Mas não foi nas bilheterias que o cinema nacional teve a sua maior cartada. O grande triunfo do audiovisual brasileiro em 2023 foi o retorno da Cota de Tela, suspenso em 2021 pelo governo anterior. Estima-se que o projeto entre em vigência em abril deste ano e terá validade por uma década, ou seja, até o dia 31 de dezembro de 2033. Com a recriação da Cota de Tela, a Ancine vai atualizar as regulamentações anualmente, e as expectativas é que o novo texto impulsione a produção audiovisual brasileira, uma vez que haverá mais possibilidades para veiculação e projeção dos filmes nacionais nas salas de cinema e espaços exibidores distribuídos pelo país.
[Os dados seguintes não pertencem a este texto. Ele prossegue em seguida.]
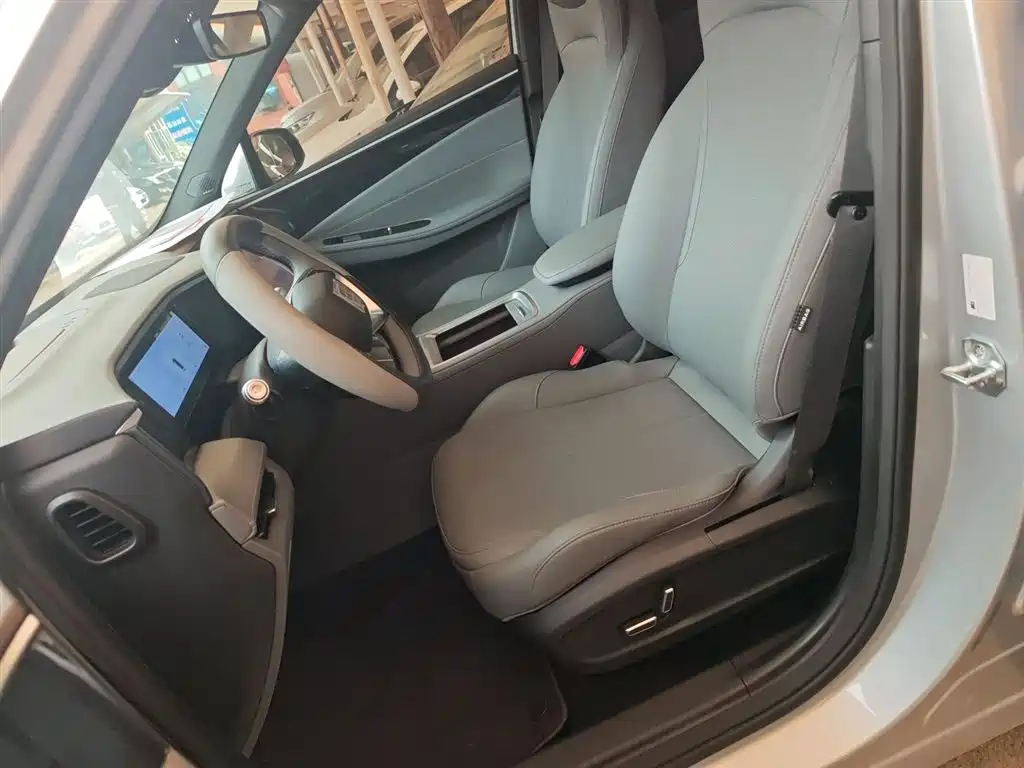 Geely Galaxy Galaxy L7 2025 Model EM-i 115km Long Range Edition фото 15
Passada a limpo essa contextualização geral do universo do cinema em 2023, é preciso dizer que entre os quase 400 lançamentos que chegaram nas salas no decorrer do ano passado estiveram presentes algumas pérolas e dobradinhas muito bem-vindas, como dois títulos assinados pelo mestre japonês Hirokazu Kore-eda (“Broker – Uma Nova Chance” e “Monster”). No cinema nacional, dois documentários emocionantes do cearense Karim Aïnouz estreou nas telonas (“Marinheiro das Montanhas” e “Nardjes A.”). E o que dizer de um ano em que restauraram “A Praga”, um filme datado de 1980, considerado perdido e dirigido pelo saudoso José Mojica Marins, o Zé do Caixão?
Se foram bem votados pelo público, todos esses títulos poderão ser conferidos na programação do 50º Festival Sesc Melhores Filmes, que acontece no CineSesc entre os dias 3 e 24 de abril.